What Makes Martha Stewart Such a Bad Partner?

Stephen Reily

March 21, 2013

I’ve read lots of articles about Martha Stewart’s recent bout of litigation, but none of them addresses why someone would have ended up litigating this case to begin with, and what Martha (and her partners) could have done to avoid it.

The Third Marriage a Charm?

As a lawyer, I don’t find the claims underlying the Martha’s/Macy’s legal dispute very intriguing; it’s a pretty standard contract claim, with a pretty glaring breach.  In 2007 Martha’s company (MSLO) granted Macy’s the exclusive rights to lots of housewares product categories, but reserved the right for Martha to open her own branded stores.  Martha argues that this clause allows her to open a “store-within-a-store” at JC Penney’s – even when the store has no walls and is stocked staffed by Penney as MSLO’s licensee.  Her defense was weak enough that the parties are discussing settlement out-of-court.

What intrigues me is how this case and the underlying dispute ever came to be.

At IMC, what we negotiate are license agreements, but what we develop and manage are partnerships.  There is no sustainable value in a brand license unless both parties treat each other as partners.

This is not how Martha Stewart treated Macy’s.

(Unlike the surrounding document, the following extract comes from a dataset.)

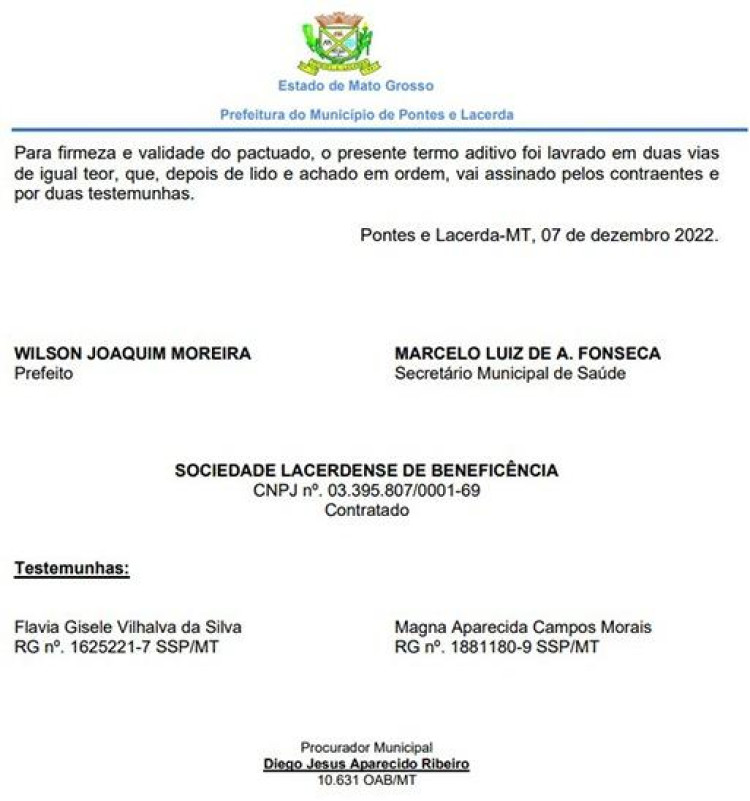 Prefeitura de Pontes e Lacerda vem liberando dinheiro para a Santa Casa desde 2021 com diversos contratos aditivados sem qualquer assinatura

To put this story in context, we should remember how Martha ended up with Macy’s to begin with.  Starting in the late 1990s, Martha Stewart licensed her name and design sensibility to Kmart.  Martha moved her brand “from class to mass” and got very well paid for it.  At its peak, Kmart was paying MSLO $65 million per year and selling more than $800 million in Martha-branded merchandise.

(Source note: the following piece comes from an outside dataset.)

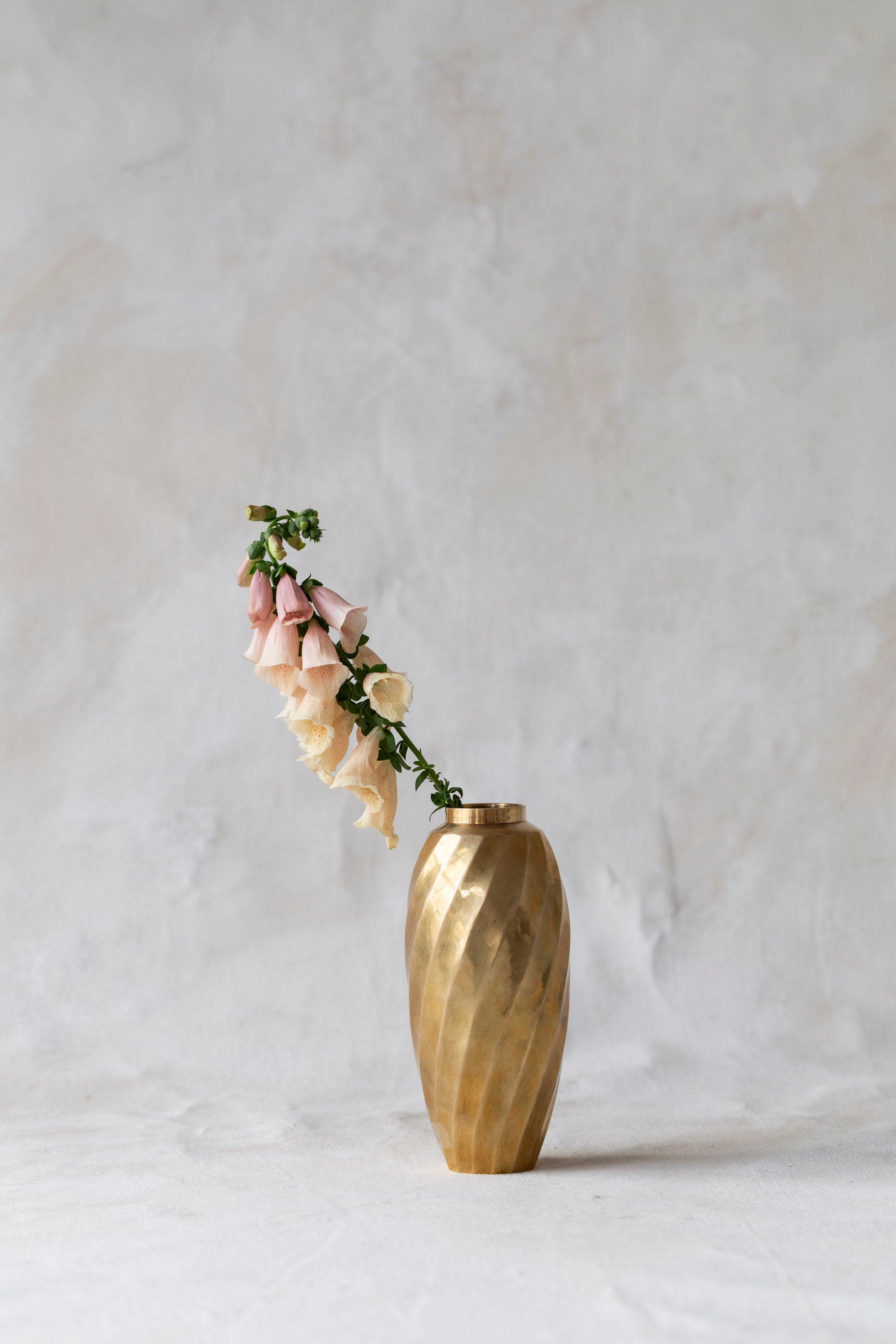 Vintage Brass Swirl Vase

But Martha wanted more, and – while still under contract to Kmart, which she had sued in yet another lawsuit – she found another suitor.  Not long after Martha’s release from prison, Macy’s took on her brand, and started selling Martha-branded housewares even before her partnership with Kmart had expired.

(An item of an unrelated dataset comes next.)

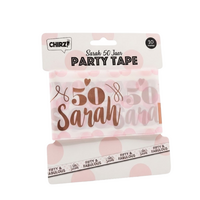 Afzetlint Sarah 50  - Rosé-Wit - 10 meter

Four years later Martha again wanted more, and found herself talking to Penney’s CEO (Apple Store-genius Ron Johnson).  Johnson wanted some of Martha’s class for his own housewares department, but he knew that her partnership with Macy’s was a problem.  MSLO then told Johnson that its lawyers found a loophole in their agreement with Macy’s: he could sell Martha merchandise through a store-within-a-store.  And as soon as Johnson announced his deal with Martha (which included Penney’s buying a substantial minority stake in MSLO), Macy’s sued.

What Partnership Means to Martha vs. What it Means to Others

In watching Martha move from one partner to another, trailing a wake of litigation and complaints behind her, I feel like I’m watching the passages of a man who left his first wife for another, and now argues that the marital vows he swore to his second wife (his former mistress) might actually allow him to keep another girlfriend on the side.   Who believes that such a man could ever be loyal to his partner?

As ad revenue from its limited slate of print magazines dries up, the future of MSLO depends on merchandising and licensing, which means that its future depends on the success of its partners.  For that reason, I understand why MSLO wants to maximize the number of partners who can sell Martha-branded merchandise (and why it has struck partnerships with Staples for office products, PetSmart for pet supplies, Michael’s for crafts and Home Depot for home improvement).  But MSLO needs to understand – which 30 years in this business don’t seem to have taught it – that treating partners unfairly will always drive them away.

In the settlement conversations that are now taking place between MSLO and Macy’s, I imagine that MSLO is offering to pay damages to Macy’s in exchange for giving up some of Macy’s exclusivity over the Martha brand.  And it may be true that provoking litigation was the only way to get Macy’s to the table for this conversation.  But even if we assume that this step was necessary to renegotiate the Macy’s deal, and even if we assume that the Macy’s deal is negotiated to MSLO’s liking, what kind of loyalty and long-term revenue can MSLO expect from Macy’s in the future?

The likeliest scenario is that Macy’s will find another brand or designer to work with, and will (like Kmart before it) start cutting back on its own Martha-branded products.  (Macy’s has already discontinued its line of cookware products featuring MSLO’s Emeril brand.)  And it seems likely that Martha will make good money from Penney’s – before she starts complaining about Penney’s, threatening litigation, and seeking yet another retailer as she continues the retail roundabout that finds her another . . . well, MSLO might call them a licensee, but they’ll never be a partner.